• Work order: Output exactly, and only, the stretch of lines beginning at the line with "NNEVL Bed Frame" and ending at the last line of the listing below. Drop the pictures.

• Dataset content:
----

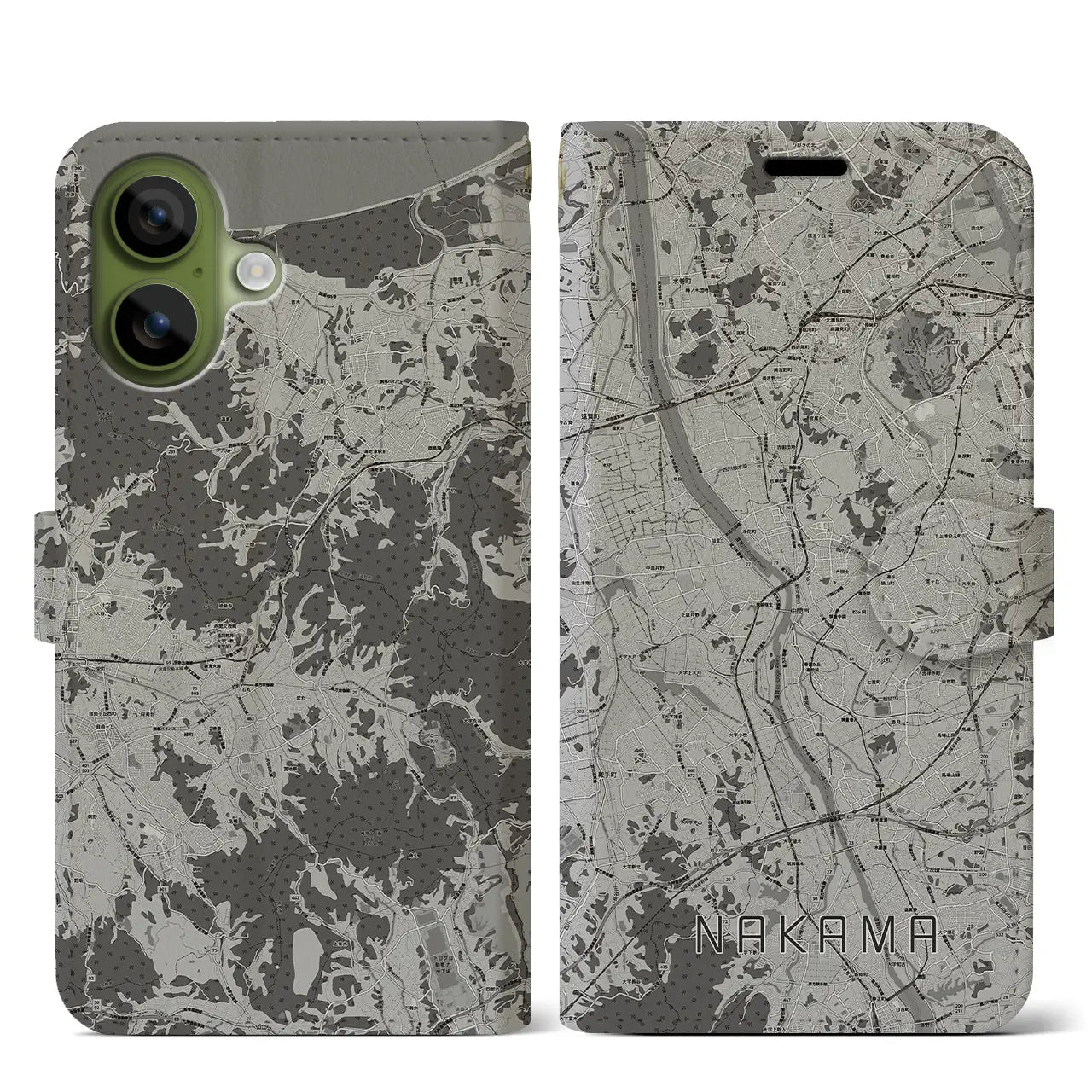 【中間(福岡県)】地図柄iPhoneケース(手帳タイプ)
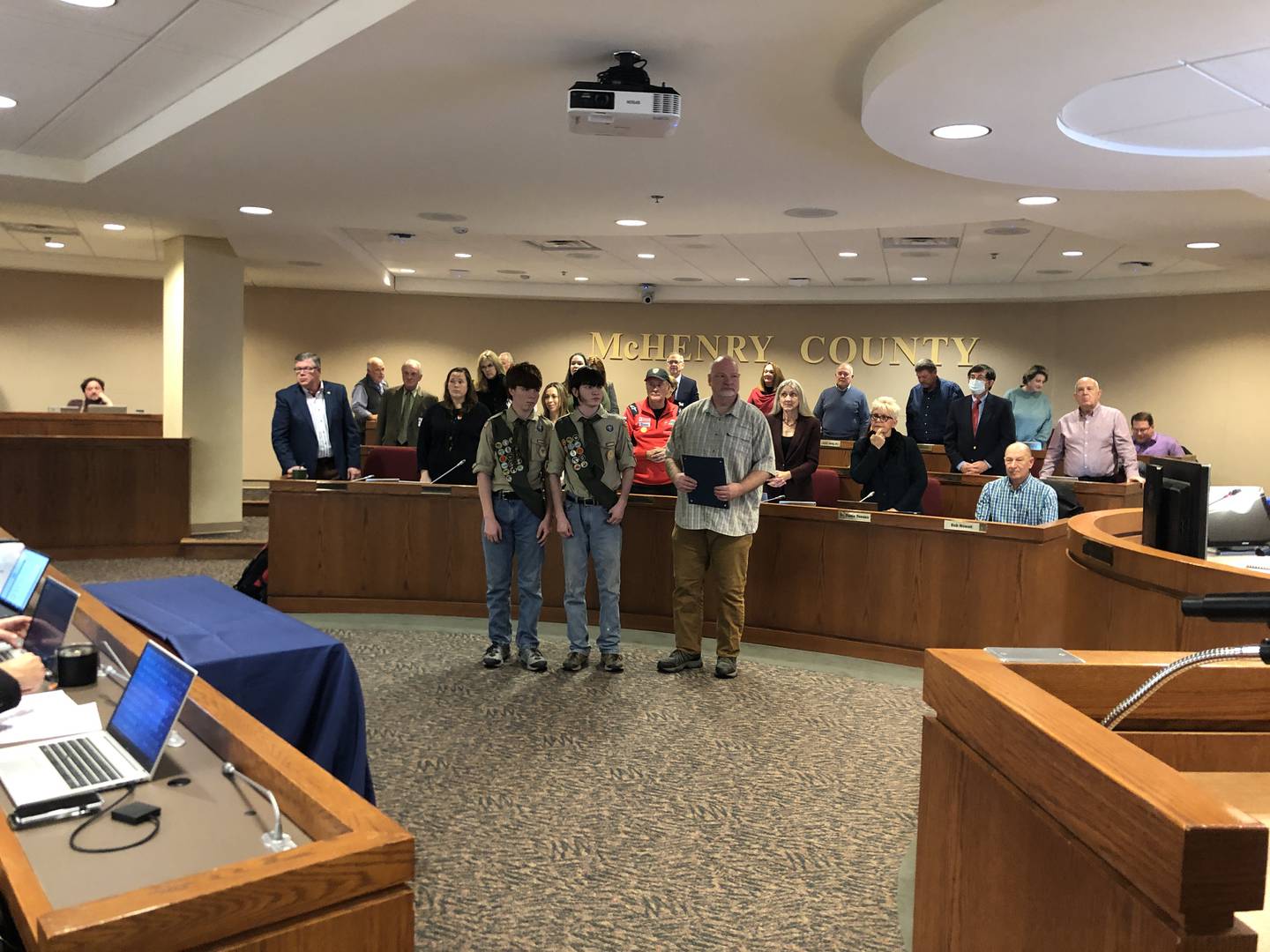 Shane, left, Joey and Jay Wolf attended the McHenry County Board meeting on Tuesday, Nov. 15, 2022, where they were recognized for helping to save a woman from her burning car on Oct. 30, 2022.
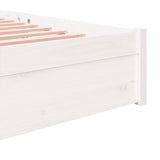 NNEVL Bed Frame without Mattress White Solid Wood 135x190 cm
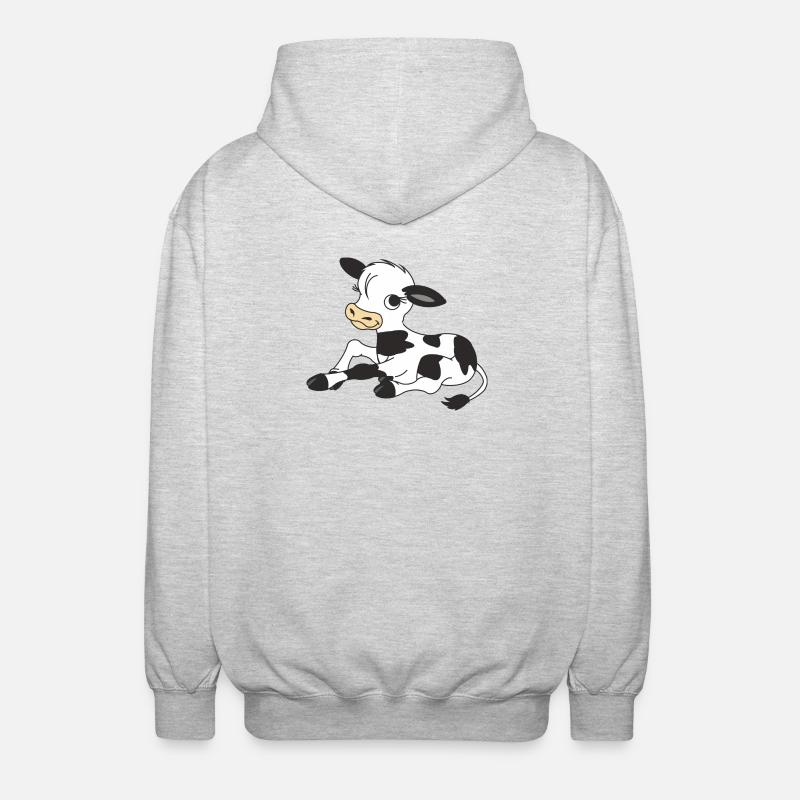 Noir, Veau blanc, Veau - Veste à capuche unisexe - gris clair chiné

----

• Response below:
 NNEVL Bed Frame without Mattress White Solid Wood 135x190 cm
 Noir, Veau blanc, Veau - Veste à capuche unisexe - gris clair chiné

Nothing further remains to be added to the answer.